---
tags: conda
---
[context-class]: https://github.com/conda/conda/blob/b10fcfdd4dca4955b6d88f447fbfb6f44c08ab32/conda/base/context.py#L152
[configuration-class]: https://github.com/conda/conda/blob/b10fcfdd4dca4955b6d88f447fbfb6f44c08ab32/conda/common/configuration.py#L1280
[parameter-class]: https://github.com/conda/conda/blob/f356172ccbb38c7aef0a925de165c671af387657/conda/common/configuration.py#L895
[sequence-parameter-class]: https://github.com/conda/conda/blob/f356172ccbb38c7aef0a925de165c671af387657/conda/common/configuration.py#L1052
[pydantic-v2]: https://pydantic-docs.helpmanual.io/blog/pydantic-v2/
[pydantic-github]: https://github.com/pydantic
[pydantic-news-release-one]: https://www.linkedin.com/feed/update/urn:li:activity:6993552369410002944/
[conda-context-deep-dive]: https://docs.conda.io/projects/conda/en/latest/dev-guide/deep-dives/context.html
[channel-parameters-pull-request]: https://github.com/conda/conda/pull/12033
[wikipedia-leaky-abstraction]: https://en.wikipedia.org/wiki/Leaky_abstraction
[pydantic]: https://pydantic-docs.helpmanual.io/
# Giving conda Better Configuration Handling
## Outline
- Why do we want to update conda's configuration?

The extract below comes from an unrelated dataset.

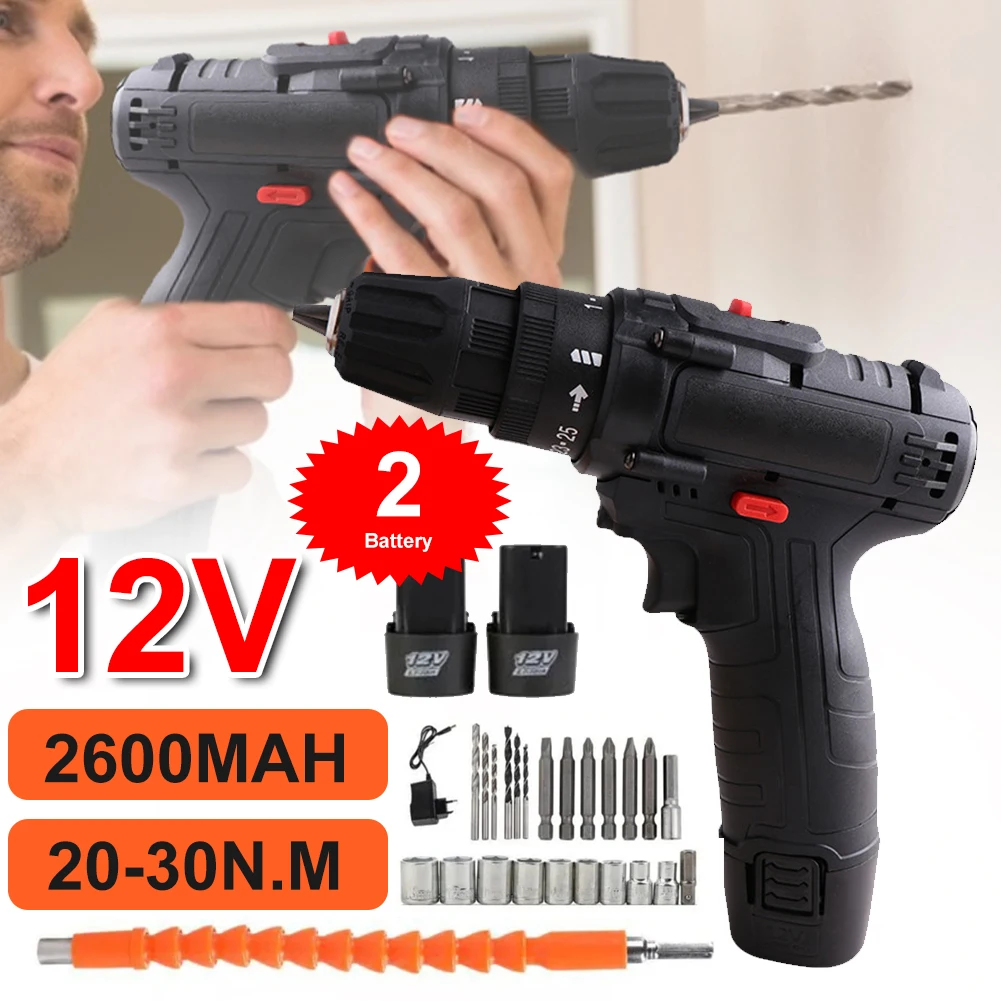 12V 10mm Mini impact drill 12V 10mm brushless impact drill 12V impact drill 12V screwdriver drill Rechargeable Li-Ion 1300mAh
12V 10mm Mini impact drill 12V 10mm brushless impact drill 12V impact drill 12V screwdriver drill Rechargeable Li-Ion 1300mAh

- It doesn't handle errors well when things are misconfigured (usually blows up with a big unhelpful stacktrace)
- It's a custom built solution that's difficult to customize
- Parameter definition is clunky, relying on class definitions instead of type hints
- How do we do this?
- Switching to Pydantic would help simplify the context object
- We re-write `conda.common.configuration` to be a lot simpler, focusing primarily
on the merging and precedence of configuration variables sources and not on
type coercion
- Why should I care?
- Pydantic v2 is currently planning to rewrite the core of the library in Rust
[promising a 10x speed up][pydantic-news-release-one], this will have ripple effects for conda's performance
- Better error messages for our end users
- Easier for developers to reason about how conda's configuration works
- What are the downsides?
- Another conda dependency
- Risks that core refactors carry (e.g. unknown side-effects and bugs)
- Needs to be fully backwards compatible to avoid bugs
---
## Resources
Various helpful links:
- https://github.com/travishathaway/honda
- :point_up: this repository contains a sort-of-working proof of concept
- [Pydantic Documentation][pydantic]
---
## Tasks
These are the ongoing tasks for implementing this feature.
- [ ] Implement `#! final` logic for configuration files
- Exactly how this works: https://www.anaconda.com/blog/conda-configuration-engine-power-users
- [ ] Better error messages
### Better error messaging
Creating better error messaging will be an extremely important part of the
new configuration system. These new errors should be focused on providing
actionable information to our users. Here are couple of ideas of how this
could be done:
- Examples of what a correctly defined variable looks like
- Specific details about exactly which parameter is incorrectly defined
- Links to applicable documentation for the configuration parameter
- This may involve an overhaul of the current documentation to make it easier
to link to the exact configuration variable.
#### Tasks
- [x] Add a error message formatter that pretty prints a pydantic validation error
- [ ] Make the error message about the valid data type not show Python data types.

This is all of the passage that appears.